Mas temos que escolher….Eastwood, conhecido como um bom libertário-conservador, apesar da sua provecta idade, sustenta pelo contrário em “Jurado #2” que a justiça, falível como instituição, é apenas uma questão que envolve a obrigação de cada indivíduo: defender a sua liberdade e a sua moralidade. Estes são de facto os únicos parâmetros ou melhor o suficiente para  esta distinguir o bem do mal. Daí para a frente a consciência é nossa, como espectadores. Um filmaço!

Curioso para ver este novo filme do icónico Clint Eastwood?

Jurado #2 | O thriller maquiavélico de Clint Eastwood

Movie title: Jurado #2

Movie description: Durante o decorrer do julgamento, um dos jurados Justin Kemp (Nicholas Hoult) descobre estar envolvido diretamente na morte investigada.
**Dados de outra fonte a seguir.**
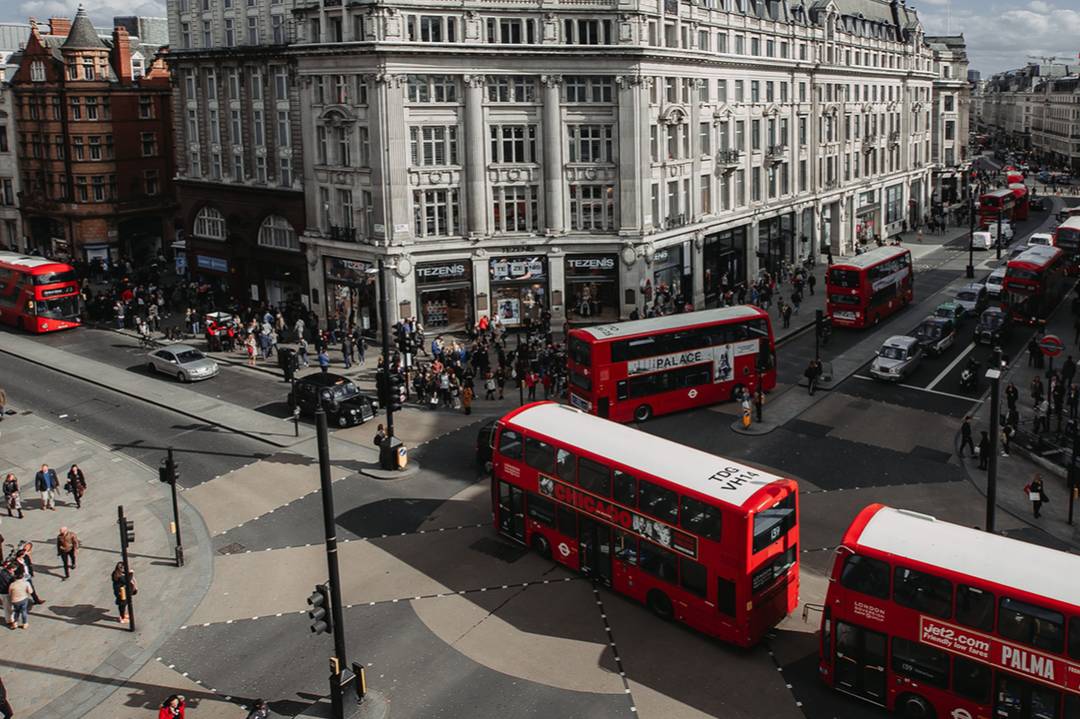 A view of London's commercial Oxford Street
Ele enfrenta o dilema de salvar o réu (Gabriel Basso) injustamente acusado sem se incriminar a si mesmo por um acidente originado pela sua própria imprudência.

Date published: 14 de December de 2024

Country: EUA, 2024

Duration: 114 minutos

Director(s): Clint Eastwood

Actor(s): Nicholas Hoult, Toni Collette, Kiefer Sutherland, Zoey Deutch, J. K. Simmons

Genre: Drama, tribunal, thriller psicológico.
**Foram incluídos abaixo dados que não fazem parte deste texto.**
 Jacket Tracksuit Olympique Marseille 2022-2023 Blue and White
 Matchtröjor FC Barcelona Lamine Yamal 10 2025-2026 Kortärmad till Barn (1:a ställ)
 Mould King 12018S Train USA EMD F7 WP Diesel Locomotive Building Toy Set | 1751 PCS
  • José Vieira Mendes - 85
  • Cláudio Alves - 85
  • João Fernandes - 85
85

CONCLUSÃO:

Autor aos 94 anos de uma obra já monumental, Clint Eastwood proporciona-nos com o “Jurado #2”, como na maioria das vezes, um filme de excelente qualidade, do qual desta vez o seu corpo está ausente mas o seu espírito persiste. Apresenta-nos um filme de ensaio de tribunal, com um argumento bastante distorcido, mas que à partida parece até ter uma certa ligação com o clássico “Doze Homens em Fúria” (1957), de Sidney Lumet. Porém, o que torna “Jurado #2” único é sua abordagem crítica sobre a responsabilidade pessoal e a busca pela justiça. O filme convida-nos a refletir sobre as consequências das ações impulsivas e sobre o impacto do comportamento imprudente. Ao situar o argumento num contexto judicial, Eastwood explora os limites éticos e legais enfrentados pelos indivíduos envolvidos no processo. A história levanta questões relevantes sobre culpa e integridade e cada personagem no filme é uma peça-chave, desempenhando um papel crucial no desenrolar da história. Incrível!

Pros

  • O melhor: . O mais pequeno filme de Clint Eastwood através da sua compreensão e da complexidade exigida pela sua ficção, acaba por se transformar num verdadeiro ensaio filosófico, numa espécie de crítica da razão pura.

Cons

  • O pior: Algumas revelações aparecem talvez suficientemente cedo no filme para que a hipótese da culpa de Kemp e, portanto, da inocência do homem que estamos a julgar, circunscreva o terreno real em que este filme se desenrola.